Wacana Libur Satu Bulan Selama Ramadan: Pro-Kontra dan Sejarahnya
Wacana tentang pemberlakuan libur selama satu bulan penuh di bulan Ramadan kembali menjadi topik diskusi hangat di media sosial. Meskipun belum dibahas secara resmi oleh pemerintah, isu ini menarik perhatian berbagai kalangan. Wakil Menteri Agama, Romo Muhammad Syafi’i, mengaku telah mendengar gagasan tersebut, namun menegaskan belum ada pembahasan mendalam di tingkat pemerintahan.
Baca juga : Ciri-Ciri Orang yang Terkena Penyakit HIV
“Oh, kami belum bahas. Tapi saya pernah dengar, meski belum ada diskusi soal itu,” ujar Romo di Kompleks Parlemen, Senayan, Jakarta, Senin (30/12).
Pro dan Kontra di Masyarakat
Seperti halnya banyak wacana lainnya, gagasan ini menuai respons beragam dari masyarakat. Sebagian pihak menilai gagasan ini kurang relevan dengan situasi saat ini. Salah satu kekhawatiran yang mencuat adalah potensi anak-anak justru lebih banyak bermain gadget selama libur panjang, yang dapat mengurangi fokus pada ibadah.
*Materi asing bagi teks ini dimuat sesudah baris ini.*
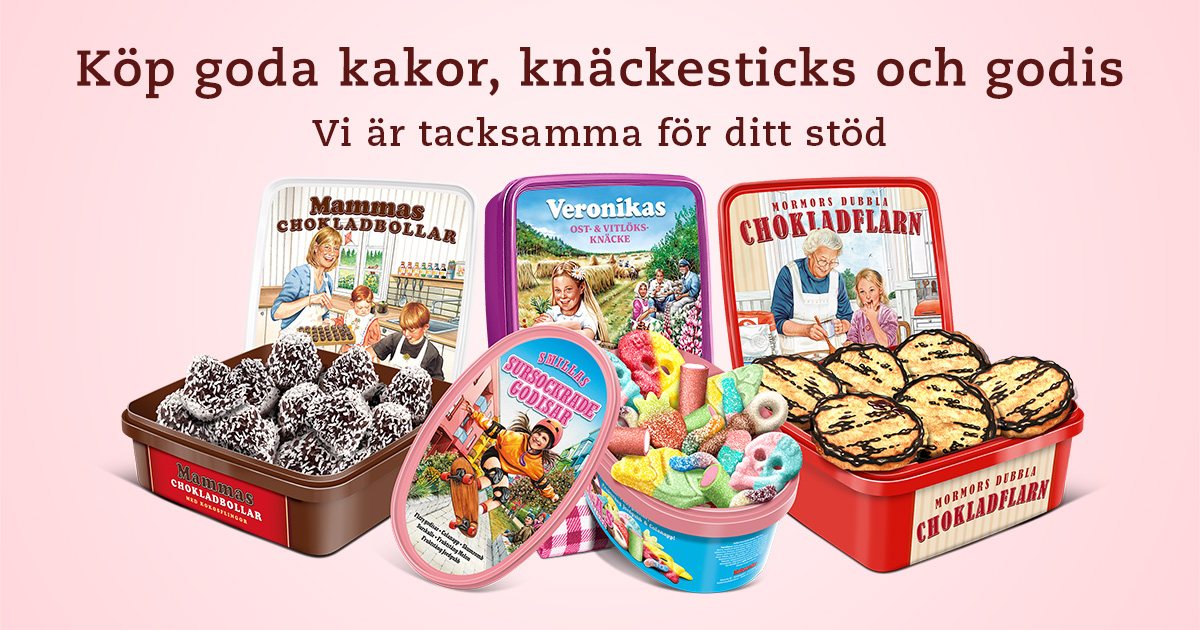 Cakes-Img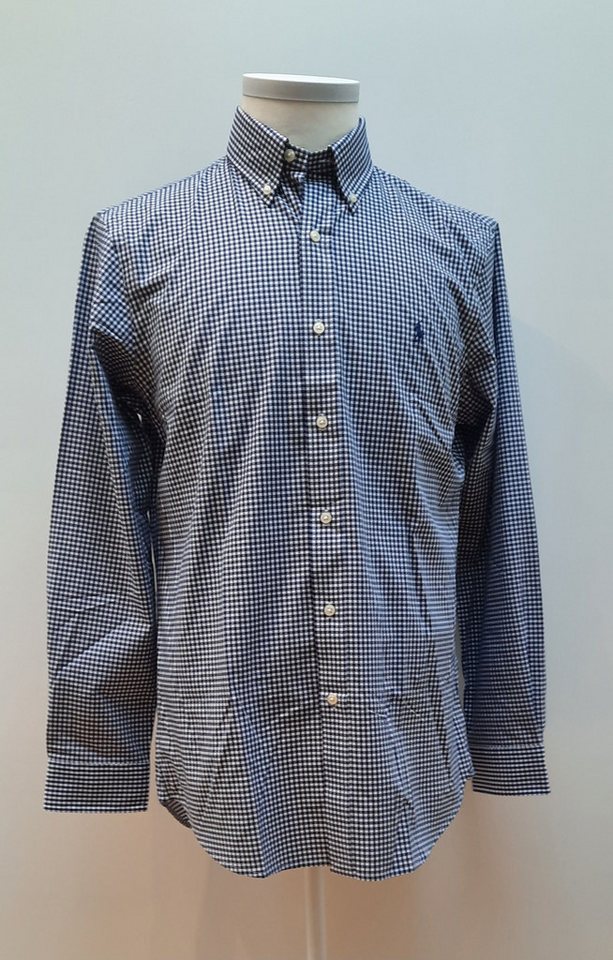 Polo Ralph Lauren Langarmhemd von Polo Ralph Lauren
“Zaman dulu enggak ada gadget. Sekarang anak-anak malah sibuk video call atau main game. Ibadahnya bagaimana?” tulis seorang pengguna di platform X, Jumat (3/1).
Namun, ada pula yang mendukung wacana ini dengan alasan memberikan kesempatan lebih luas kepada siswa untuk menjalani ibadah puasa secara khusyuk tanpa terganggu aktivitas sekolah.
Sejarah Libur di Bulan Ramadan
Jika ditelusuri, tradisi libur selama bulan Ramadan sebenarnya bukan hal baru. Kebijakan serupa pernah diberlakukan sejak era kolonial Hindia Belanda. Saat itu, pemerintah kolonial memberikan libur sekolah selama bulan puasa, termasuk untuk jenjang dasar seperti HIS hingga sekolah menengah seperti HBS dan AMS.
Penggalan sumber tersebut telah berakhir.